Blumer went on to call Perez “obviously conflicted” based on the speculative Daily Caller story.
Graham and Brent Bozell rehashed the Daily Caller claims in their Oct. 31 column, huffing: “CNN’s anti-Trump stories have hidden all this behind a wall of ‘anonymous sources.’ This is one dreadfully serious reason why the American people don’t trust “investigative reporting.” In reality, it turns out it looks like a series of chummy hand-offs, funded by Trump opponents.”

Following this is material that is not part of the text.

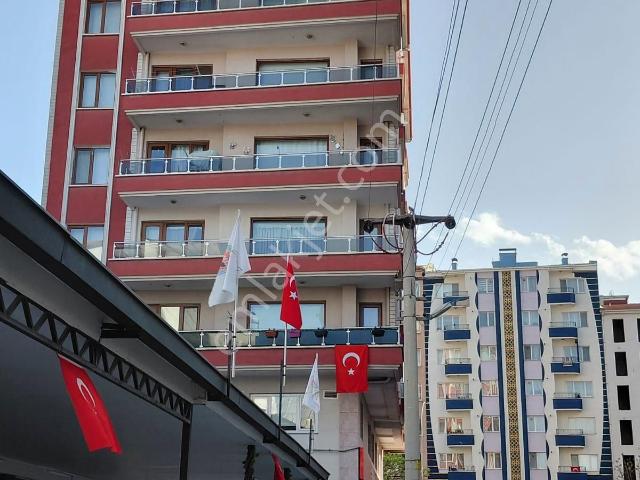 Afyon Tezcan Emlaktan Merkezi Yerde Satılık 3+1 Lüks Daire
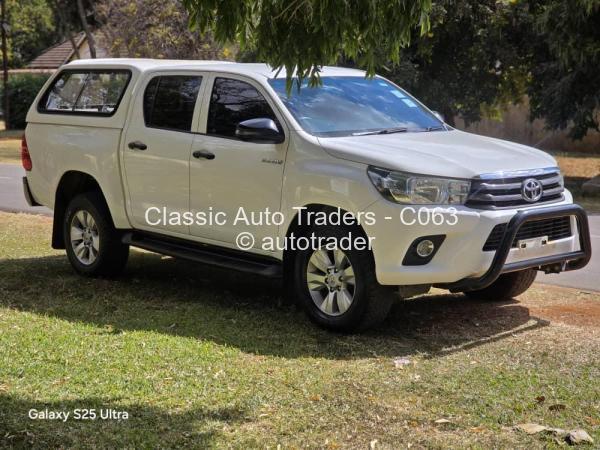 2018 - Toyota  Hilux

Graham and Bozell didn’t direct the same level of anger against the right-wing outlet that originally paid Fusion GPS for their oppo work on Trump, benignly noting in a claimed attempt to be “fair and balanced”:
To be fair and balanced on this ethical front, the conservative Washington Free Beacon website also retained Fusion GPS for research – for a few months before the Clinton campaign and the DNC – and the Daily Caller reported that they also reported on Fusion GPS without acknowledging a relationship.
Of course, if Graham, Bozell and the MRC really was trying to be “fair and balanced,” they would have told their readers about the Free Beacon’s involvement with Fusion GPS much sooner than this.